◆ Requirement
Retype each line of the material exactly, please, skipping any picture in it.

◆ Dataset content
- - -
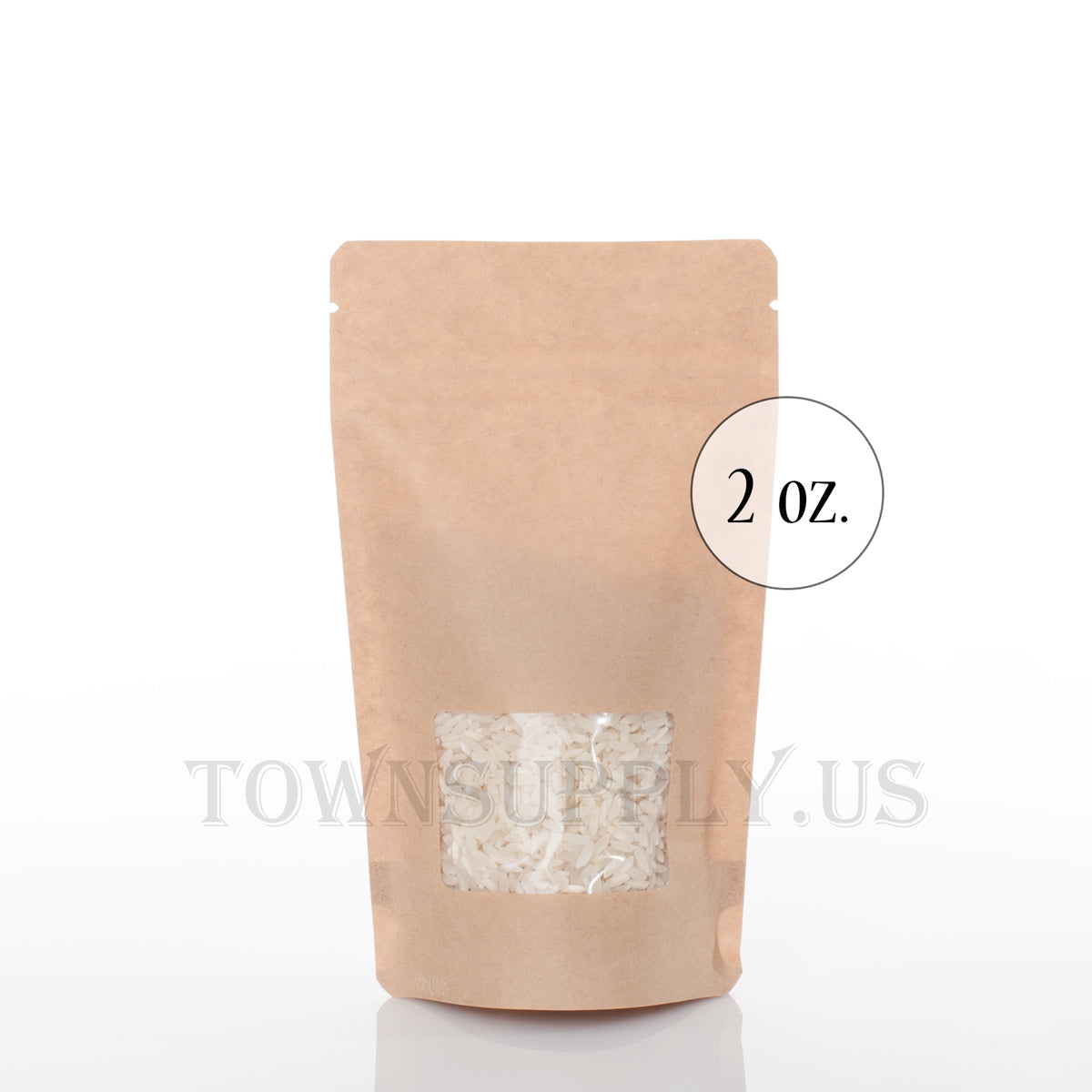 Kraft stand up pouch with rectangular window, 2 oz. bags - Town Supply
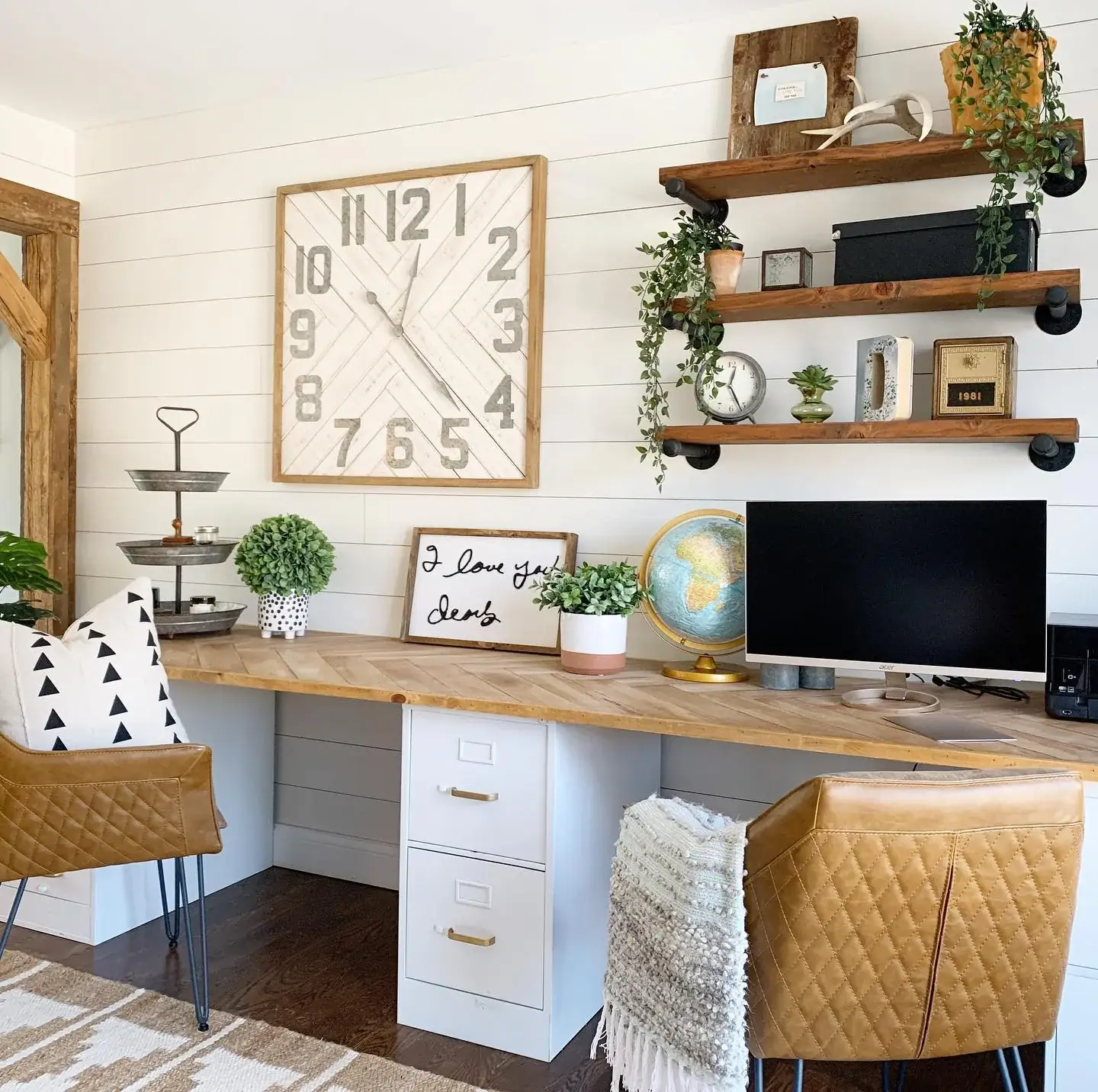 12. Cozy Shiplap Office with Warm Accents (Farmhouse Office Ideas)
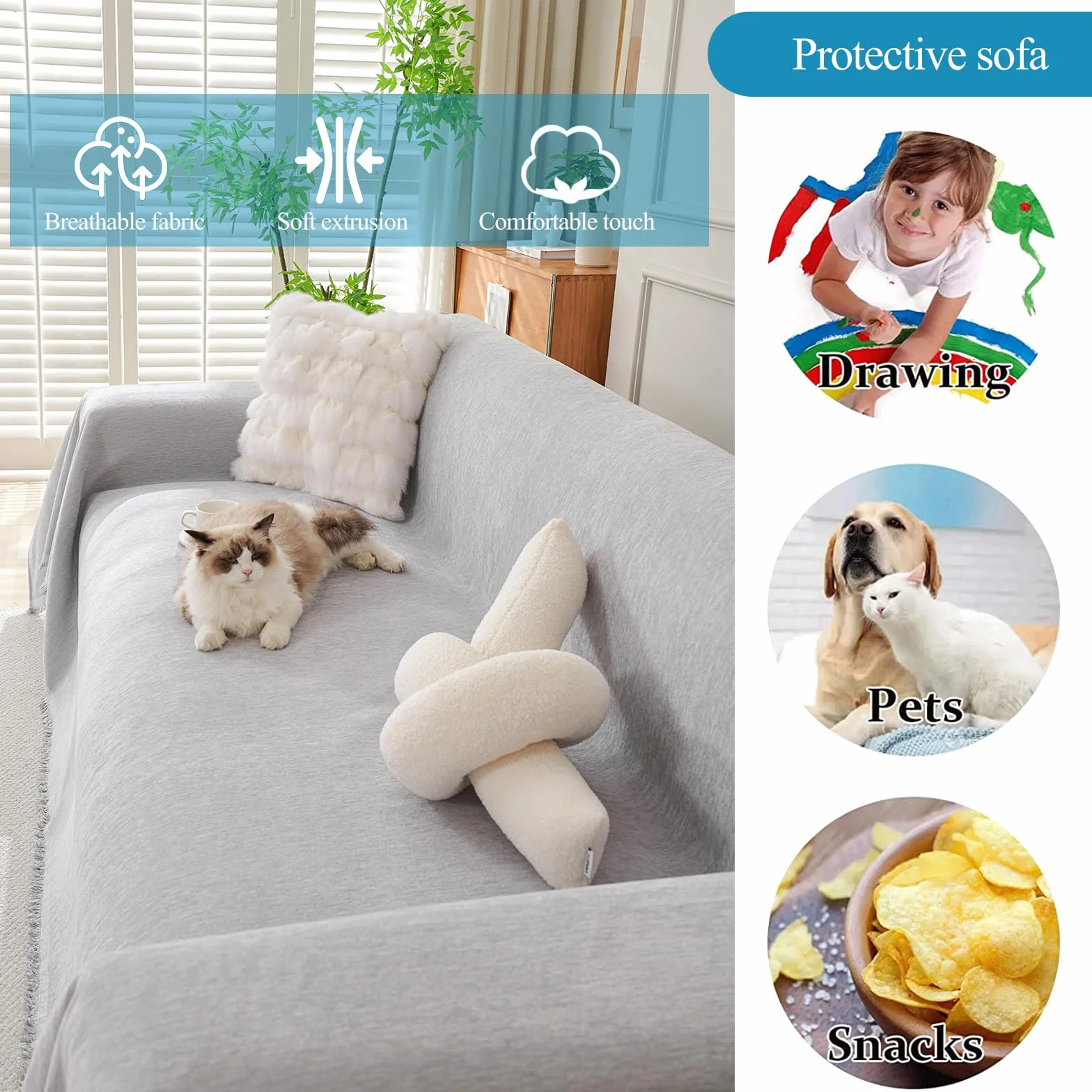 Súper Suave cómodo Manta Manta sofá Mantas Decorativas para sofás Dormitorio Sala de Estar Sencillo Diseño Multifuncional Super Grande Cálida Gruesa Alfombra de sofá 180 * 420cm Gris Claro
- - -
◆ Response to the task
 Kraft stand up pouch with rectangular window, 2 oz. bags - Town Supply
 12. Cozy Shiplap Office with Warm Accents (Farmhouse Office Ideas)
 Súper Suave cómodo Manta Manta sofá Mantas Decorativas para sofás Dormitorio Sala de Estar Sencillo Diseño Multifuncional Super Grande Cálida Gruesa Alfombra de sofá 180 * 420cm Gris Claro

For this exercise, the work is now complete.